Deep Relevance Ranking Using Enhanced Document-Query Interactions

2018-10-11

本文提出了几种针对于文档相关性排序问题的新模型，这些模型基于已有的DRMM模型：A Deep Relevance Matching Model for Ad-hoc Retrieval) 。不同之处在于，DRMM模型使用上下文无关的term encoding编码方式，而本文提出的改进模型则借鉴自PACRR的思想，融合n-grams和不同方式编码的上下文信息。实验证明，本文提出的模型优于BM25-baseline，DRMM和PACRR。
code link

Introduction

作者首先介绍了文档相关性排序问题的定义，也即本文研究的主要对象：

Document relevance ranking, also known as ad-hoc retrieval (Harman, 2005), is the task of ranking documents from a large collection using the query and the text of each document only.

针对于 ad-hoc retrieval 问题，现有的深度模型可以分为两种（参考自
A Deep Relevance Matching Model for Ad-hoc Retrieval）：

representation-focused model ：构建一个深度神经网络来获得文本的向量表示，进而做匹配，例如DSSM , C-DSSM and ARC-I
interaction-focused model ：首先在两段文本上构建local interactions (i.e., local matching signals)，然后使用深度神经网络去学习分级匹配模式（hierarchical interaction patterns for matching）

One is the representation-focused model, which tries to build a good representation for a single text with a deep neural network, and then conducts matching between the compositional and abstract text representations. Examples include DSSM [12], C-DSSM [23, 8] and ARC-I [11]. The other is the interaction-focused model, which first builds local interactions (i.e., local matching signals) between two pieces of text, and then uses deep neural networks to learn hierarchical interaction patterns for matching. Examples include DeepMatch [17], ARC-II [11] and MatchPyramid [19].

本文主要研究的是第二种模型中的Deep Relevance Matching Model (DRMM) ，下图是DRMM的结构图。

针对于query和document中的每个词，DRMM 使用预训练的词向量。首先对query中的每个词与doc所有词计算相似度（论文中使用了cos距离），此处没有使用位置信息，而是将一个query对应的所有相似度进行分级（即文中说的直方图：document-aware q-term encoding）。

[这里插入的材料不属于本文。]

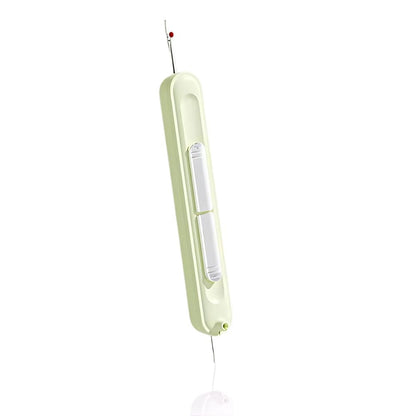 Serenosole™ SnapStitch 2-in-1 Nadeleinfädler Nahttrenner | Fädelt deine Nadel in Sekunden ein und hilft dir, Fehler mühelos zu korrigieren (2+1 GRATIS)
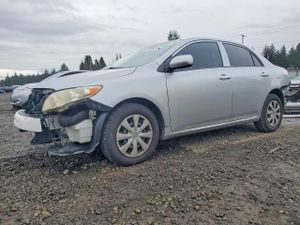 Toyota Corolla BASE 1.8L 4 2009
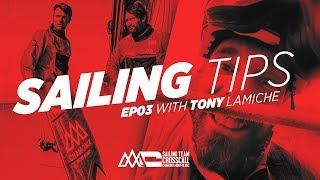 Sailling Tips by Tony Lamiche - Transat Jacques Vabre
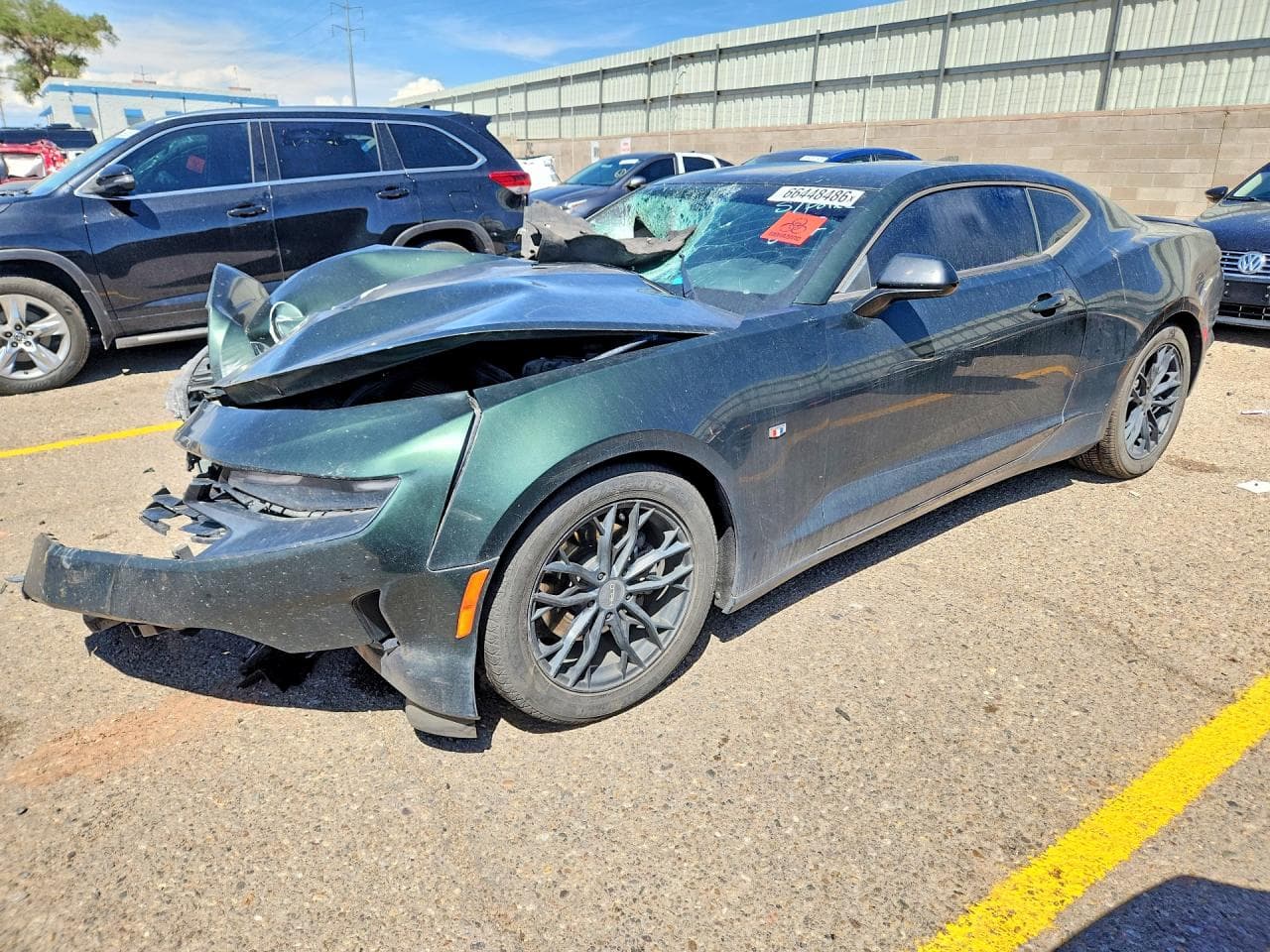 CHEVROLET CAMARO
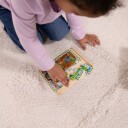 Melissa &  Doug Puslespill Anleggskjøretøy 4-in-1 12 Deler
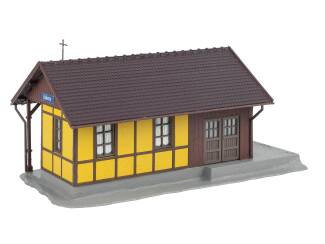 Faller HO 110137 Treinstation Uderns - Modeltreinshop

直方图是指：例如将余弦相似度[-1, 1]分为五个区间{[-1,-0.5), [-0.5,-0), [0,0.5), [0.5,1), [1,1]} 。给定query中的一个词“car”以及一篇文档（car, rent, truck, bump, injunction, runway）, 得到对应的局部交互空间为(1, 0.2, 0.7, 0.3, -0.1, 0.1)，最后我们用基于计数的直方图方法得到的直方图为[0,1, 3, 1, 1]

原始的Deep Relevance Matching Model (DRMM) 论文中，直方图的生成方式有三种：

Count-based Histogram (CH): This is the simplest way of transformation as described above which directly takes the count of local interactions in each bin as the histogram value.
Normalized Histogram (NH): We normalize the count value in each bin by the total count to focus on the relative rather than the absolute number of different levels of interactions.
LogCount-based Histogram (LCH): We apply logarithm over the count value in each bin, both to reduce the range, and to allow our model to more easily learn multiplicative relationships. (实际的实验证明LCH效果最好)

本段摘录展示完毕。